Donald David "Dave" Guard (October 19, 1934 – March 22, 1991) was an American folk singer, songwriter, arranger and recording artist. Along with Nick Reynolds and Bob Shane, he was one of the founding members of The Kingston Trio.
Guard was born in San Francisco and went to Punahou School in Honolulu in what was then the pre-statehood U.S. Territory of Hawaii. Upon completion of his final year of high school in 1952 at Menlo School, a private prep school in Menlo Park, California, he matriculated at nearby Stanford University, graduating in 1957 with a degree in economics.
While an undergraduate at Stanford, Guard started a pickup group with Reynolds and Shane. Guard called his group Dave Guard and the Calypsonians, with a Weavers-style signature sound that was principally two guitars, a banjo, and rollicking vocals. Guard kept the group together after Reynolds and Shane left, changing the name of the Calypsonians to The Kingston Quartet. Then in 1957, when Reynolds and Shane agreed to team up with Guard again, the group changed its name to The Kingston Trio. Under contract with Capitol Records, the Trio became a huge commercial and influential success.
==Early life==
Guard spent his early years first in San Francisco, and then his junior high school and high school years in Honolulu, Territory of Hawaii. Guard grew up hearing the soft vocal melodies and strummed guitars of Hawaiian music. He was particularly attracted to the unique rhythmic sounds of finger-picked slack-key ukulele and guitar music masterfully performed by the many of his neighbors and beach boys.
Guard attended Punahou School, a private school established in 1849 by Hawaii's New England missionary families during junior high school and high school. Hawaiian culture and music played an important part in his school's educational program. Along with all his other classmates, Guard early on learned to play Hawaii's ubiquitous ukulele in a 7th grade junior high school music class required of all students. It was in that class that Punahou's young 7th graders like Guard and his future Kingston Trio partner-to-be Shane learned the basics of playing the ukulele. The "ukulele" class made an impact on Shane, who during the next four years progressed steadily from the 4-string ukulele to the less toy-like and more professional appearing baritone ''uke'', on to the tenor guitar, and finally to the 6-string acoustic guitar. According to Guard, his own first serious exposure to stringed instruments came from Shane, who taught him the rudiments of playing the six-string guitar.
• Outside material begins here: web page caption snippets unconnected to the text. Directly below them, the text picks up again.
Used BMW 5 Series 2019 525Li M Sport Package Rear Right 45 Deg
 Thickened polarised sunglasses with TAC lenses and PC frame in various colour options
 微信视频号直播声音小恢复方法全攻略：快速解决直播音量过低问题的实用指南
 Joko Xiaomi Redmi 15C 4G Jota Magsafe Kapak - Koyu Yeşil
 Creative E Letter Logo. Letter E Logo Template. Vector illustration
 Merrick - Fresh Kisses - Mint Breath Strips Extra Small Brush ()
Guard participated in sports, and was a member of Punahou's ROTC battalion. In his junior year he participated in musical skits along with a number of other classmates who, like himself, had by that time also had become accomplished musicians. Guard left Punahou at the end of his junior year, completing his final year of high school at the Menlo School, a private prep school that helped him prepare for acceptance and matriculation at nearby Stanford University. At Stanford Guard was a member of the Beta Chi chapter of Sigma Nu fraternity.